Construction Research Center Established at UT

KNOXVILLE — Improving construction safety is the primary goal of a new research center at the University of Tennessee.

The Construction Industry Research and Policy Center in UT’s College of Business Administration will work with the U.S. Department of Labor to monitor construction sites, evaluate inspections and identify and remedy potential hazards.

Dr. William Schriver, center director, said more than 600 fatal accidents and thousands with injuries occur yearly from construction at roads, buildings and other sites.

Center research could help reduce that number, cut construction costs and speed up job completion, Schriver said.

“Increased construction has been a natural result of economic growth, especially during the record economic expansion in the 1990s,” Schriver said. “Unfortunately, falls, electrocutions, equipment accidents and other dangers are an inherent part of construction.

“We are tracking these events and seeking cost-effective ways to prevent them.”

The center also ensures that construction workers on federally funded projects are paid correctly and fairly under the Davis-Bacon Act, which requires contractors to pay workers locally prevailing wages on Federal projects.

“We maintain a database of detailed construction activity in every county in the nation,” Greg Zigulis, center associate director, said. “We survey much of this activity to determine locally prevailing construction wages.

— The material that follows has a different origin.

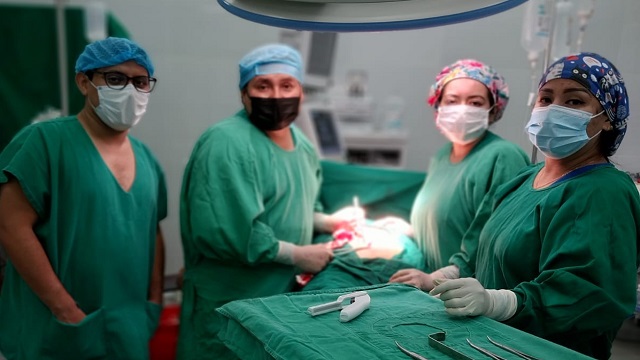 Hospital Regional: salvan la vida de paciente oncológico en complicada operación para extirparle un riñón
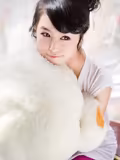 可爱的小女孩粉色紧身衣在90年之后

We also use it to randomly select projects for unannounced safety inspections by the Department of Labor’s Occupational Safety and Health Administration.”

The center expands the Construction Research Analysis Group established in 1981 by Dr. John Moore, former associate dean of the college.

Research projects include:
— Analyzing U.S. construction fatalities for OSHA and designing strategies to reduce their likelihood.
— Analyzing construction contract safety provisions for the Center to Protect Workers Rights.
— Designing national surveys to determine industry compliance with the Fair Labor Standards Act, the 1938 law requiring payment of minimum wage and overtime pay and prohibiting illegal child labor.
— Developing compliance incentives other than monetary fines to promote regulatory compliance for OSHA and other regulatory agencies.

Schriver said construction research funding sources include the U.S. dpartments of labor and energy, the Air Force, Corps of Engineers, Edison Electric Institute, TVA, Oak Ridge National Laboratory and private sponsors.